Festival Vom Baakenhöft am Hamburger Hafen startete einst die Deutsche Ost-Afrika Linie. Jetzt dockt hier das Festival „Theater der Welt“ an mit Themen zu Handel, Flucht und Weltoffenheit

von Robert Matthies

Ein riesiger neuer Raum für die Kunst ist in den vergangenen Wochen im zentralen Kakaospeicher des ehemaligen Afrika-Terminals auf der Kaizunge am Hamburger Baakenhafen entstanden. 9.000 Quadratmeter kann Lemi Ponifasio mit seinem Musiktheater-Spektakel „Children of Gods“ bespielen, mit dem der samoanische Regisseur am Donnerstag das Festival „Theater der Welt“ eröffnet. Ein bildgewaltiges Ritual soll es zum Auftakt geben, rund um all die Kinder, die weltweit von Krieg und Flucht betroffen sind – eine kollektive Zeremonie, die Hoffnung und Neuanfang feiert.

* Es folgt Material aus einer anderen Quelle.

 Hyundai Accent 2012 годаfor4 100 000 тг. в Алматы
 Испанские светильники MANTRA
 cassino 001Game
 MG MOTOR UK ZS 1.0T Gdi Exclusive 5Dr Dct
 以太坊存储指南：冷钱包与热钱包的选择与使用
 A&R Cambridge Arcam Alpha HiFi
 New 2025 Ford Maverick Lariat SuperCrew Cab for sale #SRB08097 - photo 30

Einen Neuanfang für Deutschlands größtes Theaterfestival, das alle drei Jahre in einer anderen Stadt stattfindet, wollen auch dessen Macher*innen wagen. Zum ersten Mal haben sich ein Stadttheater und ein Spielort der internationalen freien Szene zusammengetan. Erstmals wird das Programm nicht von einem externen Kurator, sondern von einem diskussionsfreudigen Vierer-Team aus der Stadt gestaltet. Dazu gehören neben Thalia-Intendant Joachim Lux und Kampnagel-Intendantin Amelie Deufl­hard auch Sandra Küpper, die die „Lessingtage“ des Thalia Theaters kuratiert, und András Siebold, der Künstlerische Leiter des Internationalen Sommerfestivals auf Kampnagel.

Touristisch vernutzt

Und zum ersten Mal hat sich das Festival ein Thema gesetzt. Strategisch klug gewählt, um die Politik in der Stadt ins Boot zu holen, aber eben auch auf den ersten Blick „vielleicht zu naheliegend“, wie Küpper zugibt: Drei Wochen lang dreht sich alles um den Hafen – um den sich in der Hansestadt als Handelsplatz und Industriestandort, als Touristenattraktion und zentrale Achse der Stadtentwicklung ohnehin alles dreht. Dass man damit ein halbes Jahr nach der Eröffnung der Elbphilharmonie Gefahr läuft, vor allem als weiteres kulturelles Megaevent fürs Stadtmarketing gesehen und touristisch „vernutzt“ zu werden, sei eine große Herausforderung, sagen Küpper und Siebold. Aber gegensteuern könne man eben nur übers Programm.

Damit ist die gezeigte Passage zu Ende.